In some sense, the two decades between 2004 and 2024 could well be considered the exception in India’s independent history. It was only in this period that India’s leaders have allowed themselves a degree of comfort with the US as an actor in our region or in the world. It is easy to forget that this uneasiness was an attitude associated once most closely with the leadership of the Congress, which inherited a certain Oxbridge disdain for the vulgar Americans from the aristocratic generation that ran it during the freedom movement. (It is worth remembering that the only US-educated person of note in that generation was B R Ambedkar.) Even by 1956, the notion that non-alignment meant equidistance between the two poles of the Cold War was difficult to support; the difference in tone between India’s condemnation of the Anglo-French adventurism in the Suez and the Soviet Union’s invasion of Hungary made that very clear.
Much of this was due to the personality and preferences of the man who, for better or for worse, continues to be the greatest influence on India. Walter Crocker, in his notes on India’s first Prime Minister, says that it was Jawaharlal Nehru’s “fastidiousness” that caused him to find “a certain type of American, and certain American ways, uncongenial”. Dennis Kux suggests that Nehru’s policy reflected the “anti-American social prejudices of the British elite and the anti-American policy views of the left-wing of the British Labour Party”.
It was, in fact, the capital-friendly Bharatiya Jan Sangh that occasionally pushed back against the Congress-socialist faux-neutrality in the Cold War. As the political scientist Rahul Sagar has explained, by the 1960s the Sangh was urging closer relations with the US — although the West was not making it easy for the Bharatiya Janata Party’s (BJP’s) predecessors, given that a tilt towards Pakistan was already very visible in 1965. US diplomatic cables from 1977 — now declassified — celebrated the appointment of a new foreign minister, Atal Bihari Vajpayee, who they said was critical of the Congress’ pro-Soviet posture, “while expressing admiration for democracy and freedom in the United States, which he contrasted with conditions in the USSR”.
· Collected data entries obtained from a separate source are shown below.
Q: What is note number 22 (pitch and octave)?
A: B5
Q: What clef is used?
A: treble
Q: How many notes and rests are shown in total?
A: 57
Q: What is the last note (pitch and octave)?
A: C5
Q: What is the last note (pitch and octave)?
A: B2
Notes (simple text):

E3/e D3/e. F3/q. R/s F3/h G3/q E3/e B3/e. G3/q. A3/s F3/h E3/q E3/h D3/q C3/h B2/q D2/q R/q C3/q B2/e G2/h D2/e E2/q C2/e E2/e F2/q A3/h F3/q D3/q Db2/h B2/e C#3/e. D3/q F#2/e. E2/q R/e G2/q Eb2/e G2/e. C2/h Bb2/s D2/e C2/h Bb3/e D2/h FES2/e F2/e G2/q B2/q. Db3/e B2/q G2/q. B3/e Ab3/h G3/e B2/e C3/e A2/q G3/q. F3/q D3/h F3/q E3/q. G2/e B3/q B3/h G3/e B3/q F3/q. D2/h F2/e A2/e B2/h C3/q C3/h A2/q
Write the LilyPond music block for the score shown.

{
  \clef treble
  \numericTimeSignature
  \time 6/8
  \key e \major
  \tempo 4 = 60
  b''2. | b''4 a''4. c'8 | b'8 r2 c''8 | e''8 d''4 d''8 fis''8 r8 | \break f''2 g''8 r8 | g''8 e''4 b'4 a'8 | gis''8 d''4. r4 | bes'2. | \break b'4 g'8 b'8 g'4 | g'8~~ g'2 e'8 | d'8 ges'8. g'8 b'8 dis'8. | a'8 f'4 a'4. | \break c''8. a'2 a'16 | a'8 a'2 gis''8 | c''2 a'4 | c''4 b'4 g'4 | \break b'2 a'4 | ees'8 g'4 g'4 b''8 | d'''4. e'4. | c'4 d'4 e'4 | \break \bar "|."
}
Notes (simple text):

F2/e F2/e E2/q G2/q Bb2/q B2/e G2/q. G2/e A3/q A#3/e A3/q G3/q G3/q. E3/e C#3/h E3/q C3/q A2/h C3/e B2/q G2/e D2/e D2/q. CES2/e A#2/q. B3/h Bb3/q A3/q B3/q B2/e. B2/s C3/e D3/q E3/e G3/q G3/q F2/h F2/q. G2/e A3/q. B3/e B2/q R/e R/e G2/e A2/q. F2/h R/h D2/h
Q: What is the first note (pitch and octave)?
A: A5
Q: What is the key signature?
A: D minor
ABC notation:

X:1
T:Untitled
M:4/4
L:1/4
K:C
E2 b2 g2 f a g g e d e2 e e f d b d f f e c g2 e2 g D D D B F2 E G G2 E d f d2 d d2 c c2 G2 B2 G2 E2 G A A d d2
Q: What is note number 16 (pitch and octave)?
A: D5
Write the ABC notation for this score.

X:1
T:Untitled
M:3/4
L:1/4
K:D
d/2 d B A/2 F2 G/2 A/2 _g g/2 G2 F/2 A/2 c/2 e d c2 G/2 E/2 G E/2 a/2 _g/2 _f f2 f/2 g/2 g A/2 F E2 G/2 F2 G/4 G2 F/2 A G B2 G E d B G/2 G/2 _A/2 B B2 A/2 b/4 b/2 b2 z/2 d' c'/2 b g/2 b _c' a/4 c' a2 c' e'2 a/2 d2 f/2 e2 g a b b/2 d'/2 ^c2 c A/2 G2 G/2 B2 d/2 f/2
The current Prime Minister has certainly made quite an effort to keep conditions with the US stable under difficult conditions. This is quite remarkable, given that he personally has excellent reasons for disliking a country that did, after all, revoke his visa in 2005. But the BJP’s leadership has also realised that many of its voters do not share this attitude. They see the West and the US as civilisational competitors, and its cultural ethos as inherently expansive and predatory; they do not have the same attitude to Russia or China. It is they who will determine the future orientation of this country — and they may take a line on the US that is closer to Nehru than to Narendra Modi. I suppose their embrace of China is also as well thought out as was Nehru’s.